ARRÊT DE LA COUR (sixième chambre)
17 mai 1990
Parties
Dans l’ affaire C-87/89,
1 ) Société nationale interprofessionnelle de la tomate ( Sonito ), société de droit français établie à Avignon ( France ),
2 ) Beaudoux, société de droit français établie à Lambesc ( France ),
3 ) Coopérative agricole de transformations et de ventes, établie à Camaret ( France ),
4 ) Cuisine et conserves des régions de France ( CCRF ), société de droit français établie à Casseneuil ( France ),
5 ) Conserve-Gard, société de droit français établie à Nîmes ( France ),
6 ) Conserveries du Midi, société de droit français établie à Sarrians ( France ),
7 ) Conserveries réunies de Bergerac, société de droit français établie à Bergerac ( France ),
8 ) Francal, société de droit français établie à Boé ( France ),
9 ) Gaston Jouval, société de droit français établie à Cavaillon ( France ),
10 ) Giraud Ainé, société de droit français établie à Sarrians ( France ),
11)Conserves P . Guintrand, société de droit français établie à Carpentras ( France ),
12 ) Larroche frères, société de droit français établie à Saint-Sylvestre-sur-le-Lot ( France ),
13 ) Conserves alimentaires Louis Martin, société de droit français établie à Monteux ( France ),
14)Otra, société de droit français établie à Tarascon ( France ),
15 ) Piquet Paul et Pierre, société de droit français établie à Monteux ( France ),
16 ) Promosud, société de droit français établie à Cahors ( France ),
17 ) Société de conserves alimentaires méridionales, provençales et italiennes ( Scampi ), société de droit français établie à Orange ( France ),
18)Société industrielle de transformation de produits agricoles ( Sitpa ), société de droit français établie à Auxonne ( France ),
représentées par Me Nicole Coutrelis, avocat au barreau de Paris, ayant élu domicile à Luxembourg en l’ étude de Me Marc Loesch, 8, rue Zithe,
parties requérantes,
contre
Commission des Communautés européennes, représentée par M . Patrick Hetsch, membre de son service juridique, en qualité d’ agent, ayant élu domicile à Luxembourg auprès de M . Georgios Kremlis, membre de son service juridique, Centre Wagner, Kirchberg,
partie défenderesse,
ayant pour objet un recours en annulation de la décision de la Commission du 17 janvier 1989 et un recours en réparation du préjudice causé par la Commission,
LA COUR ( sixième chambre ),
composée de MM . C . N . Kakouris, président de chambre, F . A . Schockweiler, G . F . Mancini, T . F . O’ Higgins et M . Díez de Velasco, juges,
avocat général : M . C . O . Lenz
greffier : M . J . A . Pompe, greffier adjoint
vu le rapport d’ audience et à la suite de la procédure orale du 7 février 1990,
ayant entendu l’ avocat général en ses conclusions présentées à l’ audience du 7 mars 1990,
rend le présent
Arrêt
Motifs de l’arrêt
1 Par requête déposée au greffe de la Cour le 16 mars 1989, la Société nationale interprofessionnelle de la tomate ( ci-après « Sonito « ) et dix-sept entreprises membres de cette dernière ont introduit, en vertu de l’ article 173, deuxième alinéa, du traité CEE, un recours en annulation de la décision de la Commission, qui leur a été communiquée le 17 janvier 1989, par laquelle celle-ci a classé une plainte des requérantes, et, en vertu des articles 178 et 215, deuxième alinéa, du traité CEE, un recours en responsabilité non contractuelle de la Communauté .

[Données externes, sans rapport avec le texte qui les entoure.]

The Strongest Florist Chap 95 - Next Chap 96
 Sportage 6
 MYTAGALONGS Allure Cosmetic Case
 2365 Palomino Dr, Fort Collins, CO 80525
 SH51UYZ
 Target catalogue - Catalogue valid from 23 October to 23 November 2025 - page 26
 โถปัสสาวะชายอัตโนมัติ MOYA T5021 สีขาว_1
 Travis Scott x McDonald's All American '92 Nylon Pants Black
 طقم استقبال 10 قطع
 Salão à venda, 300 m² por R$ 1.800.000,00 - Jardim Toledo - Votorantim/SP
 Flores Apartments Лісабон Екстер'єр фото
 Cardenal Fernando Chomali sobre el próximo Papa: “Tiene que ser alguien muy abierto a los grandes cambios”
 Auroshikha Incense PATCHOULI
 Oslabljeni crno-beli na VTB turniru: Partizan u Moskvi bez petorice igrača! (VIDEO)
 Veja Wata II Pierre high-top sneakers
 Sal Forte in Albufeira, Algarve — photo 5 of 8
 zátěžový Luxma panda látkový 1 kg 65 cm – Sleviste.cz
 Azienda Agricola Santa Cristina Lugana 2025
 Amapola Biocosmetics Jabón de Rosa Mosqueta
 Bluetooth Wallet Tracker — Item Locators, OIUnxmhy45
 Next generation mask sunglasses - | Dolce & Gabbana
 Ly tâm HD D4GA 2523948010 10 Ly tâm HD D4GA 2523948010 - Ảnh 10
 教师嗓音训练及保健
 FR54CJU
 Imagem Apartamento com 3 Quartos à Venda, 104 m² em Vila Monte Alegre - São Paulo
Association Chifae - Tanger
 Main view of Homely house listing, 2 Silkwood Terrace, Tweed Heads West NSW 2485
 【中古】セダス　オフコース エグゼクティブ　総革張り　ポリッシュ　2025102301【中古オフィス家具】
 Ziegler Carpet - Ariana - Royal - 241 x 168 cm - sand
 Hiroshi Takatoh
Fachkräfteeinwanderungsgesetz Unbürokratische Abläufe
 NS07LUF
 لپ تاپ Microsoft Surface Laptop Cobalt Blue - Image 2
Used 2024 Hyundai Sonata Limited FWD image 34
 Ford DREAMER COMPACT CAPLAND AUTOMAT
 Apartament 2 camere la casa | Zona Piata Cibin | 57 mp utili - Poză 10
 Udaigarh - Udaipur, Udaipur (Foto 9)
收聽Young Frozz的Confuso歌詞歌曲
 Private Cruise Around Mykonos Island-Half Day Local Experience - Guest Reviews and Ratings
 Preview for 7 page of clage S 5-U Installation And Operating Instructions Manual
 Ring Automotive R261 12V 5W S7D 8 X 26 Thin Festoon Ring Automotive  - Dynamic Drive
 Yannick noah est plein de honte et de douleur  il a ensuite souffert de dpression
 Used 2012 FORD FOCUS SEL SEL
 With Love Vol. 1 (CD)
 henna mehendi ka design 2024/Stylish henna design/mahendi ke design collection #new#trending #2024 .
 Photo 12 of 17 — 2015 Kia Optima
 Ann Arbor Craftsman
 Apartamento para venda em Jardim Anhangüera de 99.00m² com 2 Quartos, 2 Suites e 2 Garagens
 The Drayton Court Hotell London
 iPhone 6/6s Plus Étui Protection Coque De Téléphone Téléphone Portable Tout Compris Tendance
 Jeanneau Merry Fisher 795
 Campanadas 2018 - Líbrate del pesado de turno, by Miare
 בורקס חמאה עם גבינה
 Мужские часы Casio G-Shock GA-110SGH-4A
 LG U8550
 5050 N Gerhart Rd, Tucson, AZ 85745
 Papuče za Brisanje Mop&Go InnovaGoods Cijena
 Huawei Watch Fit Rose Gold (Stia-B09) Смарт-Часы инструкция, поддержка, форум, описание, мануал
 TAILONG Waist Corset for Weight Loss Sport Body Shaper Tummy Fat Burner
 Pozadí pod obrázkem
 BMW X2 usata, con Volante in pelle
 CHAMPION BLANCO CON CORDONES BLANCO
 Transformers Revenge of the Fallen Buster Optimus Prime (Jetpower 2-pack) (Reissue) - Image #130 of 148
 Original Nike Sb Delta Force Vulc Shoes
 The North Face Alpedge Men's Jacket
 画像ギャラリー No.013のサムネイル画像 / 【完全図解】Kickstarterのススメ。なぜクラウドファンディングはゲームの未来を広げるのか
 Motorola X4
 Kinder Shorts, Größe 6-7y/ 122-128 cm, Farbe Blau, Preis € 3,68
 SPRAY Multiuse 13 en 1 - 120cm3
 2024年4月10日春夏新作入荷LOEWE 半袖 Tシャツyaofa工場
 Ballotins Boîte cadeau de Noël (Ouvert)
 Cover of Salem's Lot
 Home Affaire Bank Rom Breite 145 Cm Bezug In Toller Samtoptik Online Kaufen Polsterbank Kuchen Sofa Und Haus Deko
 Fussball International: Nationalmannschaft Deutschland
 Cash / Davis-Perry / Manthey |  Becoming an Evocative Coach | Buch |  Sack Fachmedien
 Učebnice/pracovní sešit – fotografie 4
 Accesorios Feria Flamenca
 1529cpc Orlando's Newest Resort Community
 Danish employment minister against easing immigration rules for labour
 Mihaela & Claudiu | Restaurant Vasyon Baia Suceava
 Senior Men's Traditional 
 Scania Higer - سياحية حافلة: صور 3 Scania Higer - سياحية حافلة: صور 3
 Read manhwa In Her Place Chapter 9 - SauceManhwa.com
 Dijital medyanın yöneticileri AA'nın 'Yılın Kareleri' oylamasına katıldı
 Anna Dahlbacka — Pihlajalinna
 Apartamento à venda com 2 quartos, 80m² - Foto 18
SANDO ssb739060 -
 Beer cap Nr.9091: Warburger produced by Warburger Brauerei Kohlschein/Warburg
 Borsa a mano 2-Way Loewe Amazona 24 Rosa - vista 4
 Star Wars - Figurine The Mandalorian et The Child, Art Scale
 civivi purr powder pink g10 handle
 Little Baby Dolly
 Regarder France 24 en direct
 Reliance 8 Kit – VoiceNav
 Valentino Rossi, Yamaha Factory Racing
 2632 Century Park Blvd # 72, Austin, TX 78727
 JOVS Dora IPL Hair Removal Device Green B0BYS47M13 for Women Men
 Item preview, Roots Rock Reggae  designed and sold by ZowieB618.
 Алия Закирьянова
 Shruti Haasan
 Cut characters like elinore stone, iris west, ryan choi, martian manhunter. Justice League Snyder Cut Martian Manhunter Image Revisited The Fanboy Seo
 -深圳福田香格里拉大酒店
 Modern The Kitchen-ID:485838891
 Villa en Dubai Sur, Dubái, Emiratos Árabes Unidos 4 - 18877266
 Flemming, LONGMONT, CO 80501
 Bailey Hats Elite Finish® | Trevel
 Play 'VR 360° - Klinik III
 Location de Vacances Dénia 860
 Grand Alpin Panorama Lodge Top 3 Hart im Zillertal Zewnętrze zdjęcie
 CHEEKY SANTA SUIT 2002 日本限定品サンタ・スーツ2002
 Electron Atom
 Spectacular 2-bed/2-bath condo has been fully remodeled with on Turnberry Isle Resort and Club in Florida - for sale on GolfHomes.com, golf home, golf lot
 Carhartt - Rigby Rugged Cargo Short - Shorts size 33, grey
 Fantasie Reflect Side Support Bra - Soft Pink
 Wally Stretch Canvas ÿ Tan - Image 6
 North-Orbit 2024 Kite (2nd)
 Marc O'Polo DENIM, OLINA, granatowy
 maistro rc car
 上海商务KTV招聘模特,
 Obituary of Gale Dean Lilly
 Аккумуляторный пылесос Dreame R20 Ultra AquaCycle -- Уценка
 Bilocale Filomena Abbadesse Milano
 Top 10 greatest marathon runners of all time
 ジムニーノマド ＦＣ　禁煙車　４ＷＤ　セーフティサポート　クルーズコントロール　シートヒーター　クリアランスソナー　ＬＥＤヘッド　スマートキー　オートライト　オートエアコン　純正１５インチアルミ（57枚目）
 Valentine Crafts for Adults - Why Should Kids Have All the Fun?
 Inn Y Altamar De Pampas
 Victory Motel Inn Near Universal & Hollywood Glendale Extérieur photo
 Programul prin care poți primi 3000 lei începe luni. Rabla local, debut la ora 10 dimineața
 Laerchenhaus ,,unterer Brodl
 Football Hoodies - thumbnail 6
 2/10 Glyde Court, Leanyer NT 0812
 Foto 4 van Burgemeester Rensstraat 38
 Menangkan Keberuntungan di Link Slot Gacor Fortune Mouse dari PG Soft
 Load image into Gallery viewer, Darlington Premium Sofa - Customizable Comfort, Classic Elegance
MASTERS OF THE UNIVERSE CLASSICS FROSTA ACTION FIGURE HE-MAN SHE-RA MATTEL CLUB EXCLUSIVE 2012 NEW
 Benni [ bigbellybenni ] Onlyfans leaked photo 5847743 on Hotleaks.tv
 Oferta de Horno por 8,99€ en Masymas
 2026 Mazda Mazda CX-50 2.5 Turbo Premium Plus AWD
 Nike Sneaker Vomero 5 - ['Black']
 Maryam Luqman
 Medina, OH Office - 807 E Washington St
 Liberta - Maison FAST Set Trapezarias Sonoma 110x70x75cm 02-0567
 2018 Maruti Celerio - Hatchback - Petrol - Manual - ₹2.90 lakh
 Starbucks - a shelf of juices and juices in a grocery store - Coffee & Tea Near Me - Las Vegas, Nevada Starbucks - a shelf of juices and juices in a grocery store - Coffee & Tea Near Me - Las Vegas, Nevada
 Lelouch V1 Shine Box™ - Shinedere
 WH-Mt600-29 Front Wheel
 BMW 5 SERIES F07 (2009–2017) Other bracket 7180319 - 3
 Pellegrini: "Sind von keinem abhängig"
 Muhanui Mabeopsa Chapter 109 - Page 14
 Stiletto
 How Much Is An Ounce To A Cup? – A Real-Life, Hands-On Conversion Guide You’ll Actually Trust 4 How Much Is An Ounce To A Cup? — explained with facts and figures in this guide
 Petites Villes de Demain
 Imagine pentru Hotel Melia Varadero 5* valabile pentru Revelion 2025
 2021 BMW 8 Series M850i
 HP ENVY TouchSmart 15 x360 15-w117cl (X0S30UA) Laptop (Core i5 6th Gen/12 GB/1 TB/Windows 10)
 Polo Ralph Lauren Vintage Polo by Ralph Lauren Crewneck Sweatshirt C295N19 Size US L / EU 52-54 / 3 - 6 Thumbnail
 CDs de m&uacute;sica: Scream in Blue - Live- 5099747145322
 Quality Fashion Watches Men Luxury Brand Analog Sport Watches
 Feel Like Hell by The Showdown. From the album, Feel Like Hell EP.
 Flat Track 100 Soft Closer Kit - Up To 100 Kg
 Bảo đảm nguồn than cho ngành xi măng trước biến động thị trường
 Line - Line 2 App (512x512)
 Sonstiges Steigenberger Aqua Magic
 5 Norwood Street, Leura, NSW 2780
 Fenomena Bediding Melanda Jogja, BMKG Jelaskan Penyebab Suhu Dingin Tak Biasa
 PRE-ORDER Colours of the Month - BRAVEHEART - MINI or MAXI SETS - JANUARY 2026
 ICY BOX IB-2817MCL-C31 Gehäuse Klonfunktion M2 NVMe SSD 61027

2 Dans une plainte du 17 octobre 1986, Sonito a attiré l’ attention de la Commission sur des fraudes commises, dans le cadre du régime d’ aide à la transformation de tomates, par des transformateurs exerçant leur activité en Grèce et en Italie . Les données de transformation fournies par ces deux États membres pour les campagnes 1983/1984, 1984/1985 et 1985/1986 auraient été largement surévaluées, ce qui aurait causé un préjudice aux transformateurs français, tant au niveau de la concurrence qu’ au niveau de l’ abattement de l’ aide opéré pour les campagnes suivant celle au cours de laquelle le seuil de garantie prévu par la réglementation communautaire avait été dépassé . Sonito a estimé que la Commission pouvait introduire contre les États membres en cause un recours en constatation de manquement au titre de l’ article 169 du traité CEE et avait l’ obligation de corriger, conformément à la réglementation communautaire applicable, les données erronées fournies par les États membres .
3 Dans la lettre du 17 janvier 1989, la Commission a exposé qu’ elle ne disposait pas d’ éléments tendant à démontrer que l’ Italie ou la Grèce auraient manqué d’ accomplir les tâches de contrôle et de vérification qui leur incombaient et que les enquêtes menées par ses propres services n’ avaient pas permis de déceler l’ existence d’ irrégularités .
4 Pour un plus ample exposé des faits du litige, du déroulement de la procédure et des moyens et arguments des parties, il est renvoyé au rapport d’ audience . Ces éléments du dossier ne sont repris ci-dessous que dans la mesure nécessaire au raisonnement de la Cour .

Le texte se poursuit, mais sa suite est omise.